Quomo llevaba el saco de Lauri y éste se había quedado en mangas de camisa, como Chemir. Los tres estaban empapados y sucios. Habían atravesado París en el subte y Florentine los hizo subir por la entrada de los proveedores. Ahora estaban en un reservado donde había sillones y monitores de video que vigilaban las salas de juego.
– ¿Tuvieron problemas con la Sureté?
– Los Kruger están en París, Florentine. Sólo quisiera estar seguro de que la información no salió de aquí.
– Estás acusándome de entregarte, Michel. Eso es muy cruel.
– Tal vez tu galán necesitaba un poco de dinero.
– Es incapaz de eso, no le da la cabeza.
– En una de esas estuvo leyendo novelas.
– Lo único que ha leído en su vida son los números de la ruleta.
– Nos vamos a quedar aquí por un tiempo, Florentine No quisiera tener que arruinarle la cara a ese rufián.
– Ojalá te quedaras para siempre. Miráte al espejo, pareces un linyera. Y el pobre Chemir, todavía pensando en hacer revoluciones…

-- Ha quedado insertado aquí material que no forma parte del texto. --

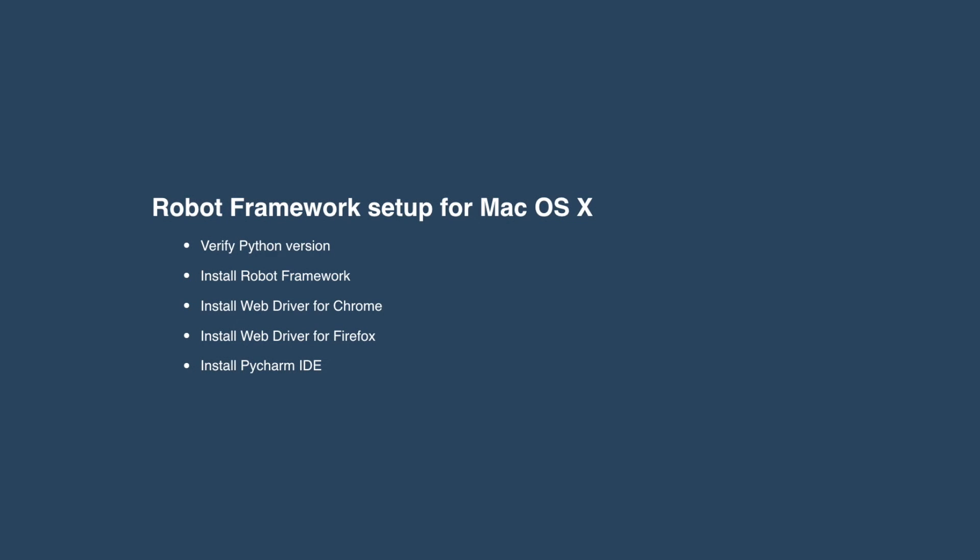Hey, welcome to the Robot Framework setup for Mac. This is a step-by-step process to get you up and running quick and easy on your Mac.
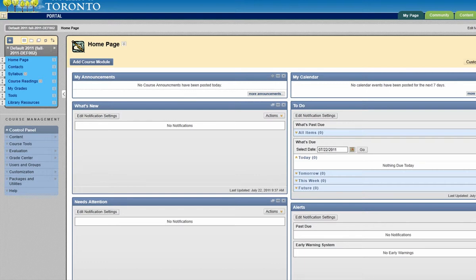You can add content to your course by creating items directly within Blackboard or by uploading existing files into your course.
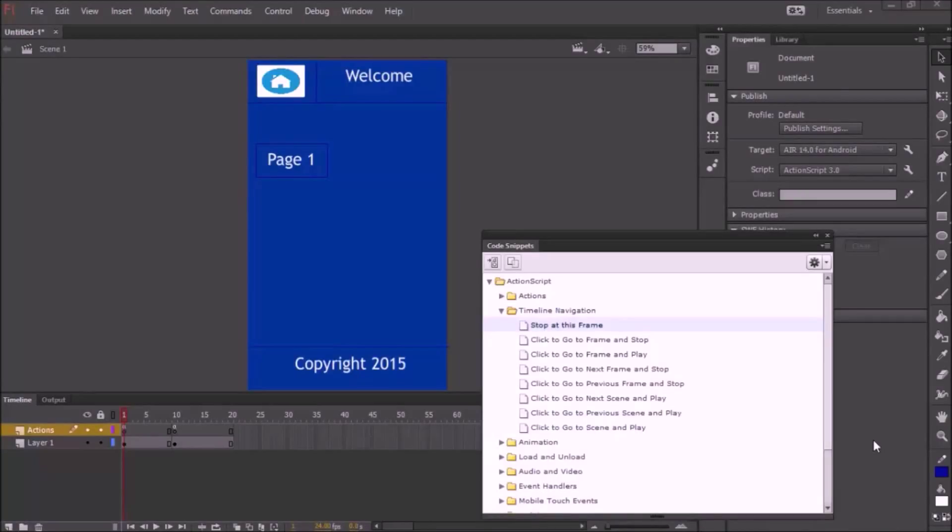What's up YouTube, this is TechGuard2Me and today I'm going to be showing you how to install your APK to your device after your application is done in Flash Professional.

– No agachar más la cabeza -dijo Chemir como una letanía.
– ¡Pero a esta edad hay que ser más juicioso! Parece mentira que anden trepando paredes y corriendo como los chicos. Y usted, joven, ¿de dónde sale?
– De la Argentina, señora.
– De la Argentina, qué gracioso. Vayan que el baño está preparado.
Se ducharon mientras las mujeres entraban y salían desnudas, diluidas por el vapor. Una africana les alcanzó ropas secas y les indicó un lugar para vestirse. Sobre una mesa encontraron los cigarrillos y el dinero que habían traído con ellos.
– Duerma un par de horas, Chemir, y encárguese del sultán. Necesitamos ése avión. Asegúrese también de que la plata haya salido para Bongwutsi. No me gustaría que O'Connell esté soliviantando gente desarmada. Si tiene noticias de los Kruger, llámeme de inmediato.
– De acuerdo, Michel. Si se da una vuelta por la sala, no le molestaría jugarme una ficha al 17?
– ¿Cuánto?
– Cien francos, cosa de tentar la suerte. Si sale, ponga todo a primera docena y si se da hágame tercera columna y corone el 36,
– Si me indican dónde, yo me voy a dormir -dijo Lauri.
– Métase en cualquiera de las piezas desocupadas y si no quiere visitas cierre con llave.
– Claro que quiero. Hace meses que no toco a una mujer.
– Marque la cantidad y el color en la pizarra y métase en la cama. Este lugar es tan caro que las mujeres son obsequio de la casa.
Lauri caminó por un pasillo guiado por el aire de un minué. Hizo cincuenta metros y desembocó en un salón pintado de rojo, iluminado con arañas de bronce y decorado con frisos fin de siécle. La gente que estaba allí tenía al menos ochenta años. Las parejas se tornaban de las manos o se movían abrazadas al ritmo de la melodía. Mujeres con hombres, mujeres con mujeres y hombres con hombres, arrugados, frágiles, miopes y vestidos con sus mejores ropas de juventud. La cara del pianista parecía una calavera con unos pocos pelos blancos y sus manos lentas eran poco más que los huesos de un esqueleto unidos por el pellejo amarillo. Lauri dio un paso atrás y se quedó observando desde el corredor. Una camarera servía champagne y guindado. En un sillón cercano, una mujer de piel estirada y labios pintados besaba en el cuello a otra que tenía el cabello teñido y los hombros salpicados de manchas. Más allá, un hombre de bigotes como manubrios caminaba doblado y flaco como un alfiler de gancho y molestaba a los bailarines. Alguien lo apartó bruscamente y una mujer con los pechos caídos hasta la cintura fue a buscarlo y lo sacó de la pista de una oreja. El minué se encadenaba sin solución de continuidad y a Lauri le pareció, de pronto, que los ojos angustiados del pianista se agarraban a los suyos con desesperación. Entre las caras estragadas creyó ver la de un hombre calvo y pequeño, pensativo, que no parecía saber adonde iba, pero también vio la suya, como en una foto trucada o retocada.